• _Instructions for the task_: The listing below holds a line with "3MK Silky Matt" and a later line with "Champion Big Boys". Write out those two lines and every line between them, exactly, and nothing else.

• _Supplied records_:
┌────────
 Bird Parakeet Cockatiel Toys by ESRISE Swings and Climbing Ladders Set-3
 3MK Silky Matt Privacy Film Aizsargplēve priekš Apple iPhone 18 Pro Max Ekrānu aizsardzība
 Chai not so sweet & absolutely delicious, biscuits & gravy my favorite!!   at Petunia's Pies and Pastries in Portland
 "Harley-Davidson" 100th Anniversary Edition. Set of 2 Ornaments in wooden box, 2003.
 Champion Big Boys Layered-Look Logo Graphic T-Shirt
└────────
┌────────
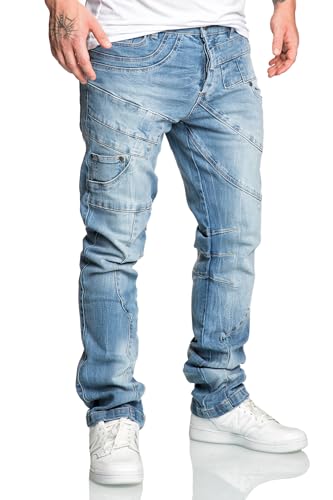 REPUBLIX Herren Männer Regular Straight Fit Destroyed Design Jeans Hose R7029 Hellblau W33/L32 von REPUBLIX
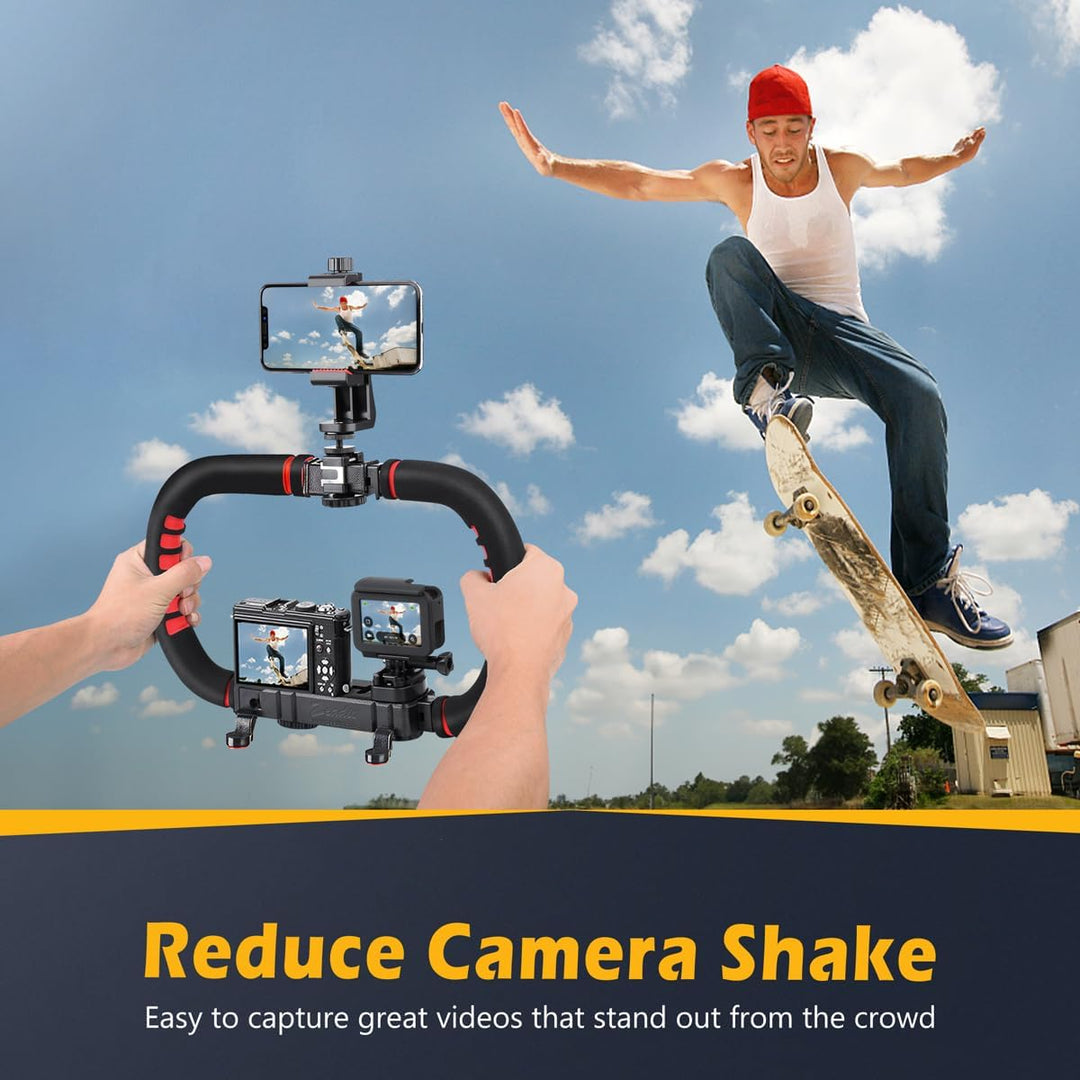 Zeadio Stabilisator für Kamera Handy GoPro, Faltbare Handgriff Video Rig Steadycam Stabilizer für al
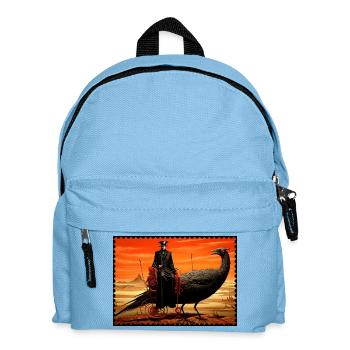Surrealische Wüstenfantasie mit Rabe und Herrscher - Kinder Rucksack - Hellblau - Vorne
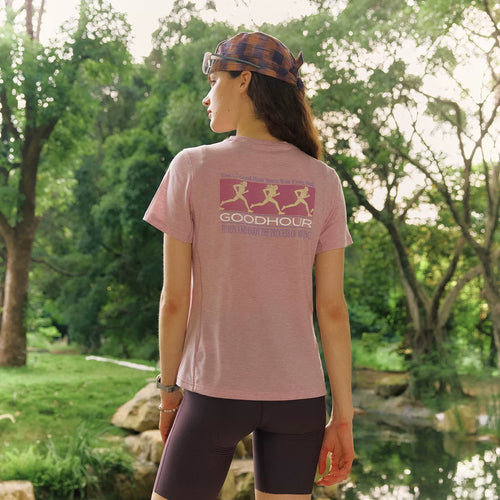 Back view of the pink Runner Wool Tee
└────────
• _Solution_:
 3MK Silky Matt Privacy Film Aizsargplēve priekš Apple iPhone 18 Pro Max Ekrānu aizsardzība
 Chai not so sweet & absolutely delicious, biscuits & gravy my favorite!!   at Petunia's Pies and Pastries in Portland
 "Harley-Davidson" 100th Anniversary Edition. Set of 2 Ornaments in wooden box, 2003.
 Champion Big Boys Layered-Look Logo Graphic T-Shirt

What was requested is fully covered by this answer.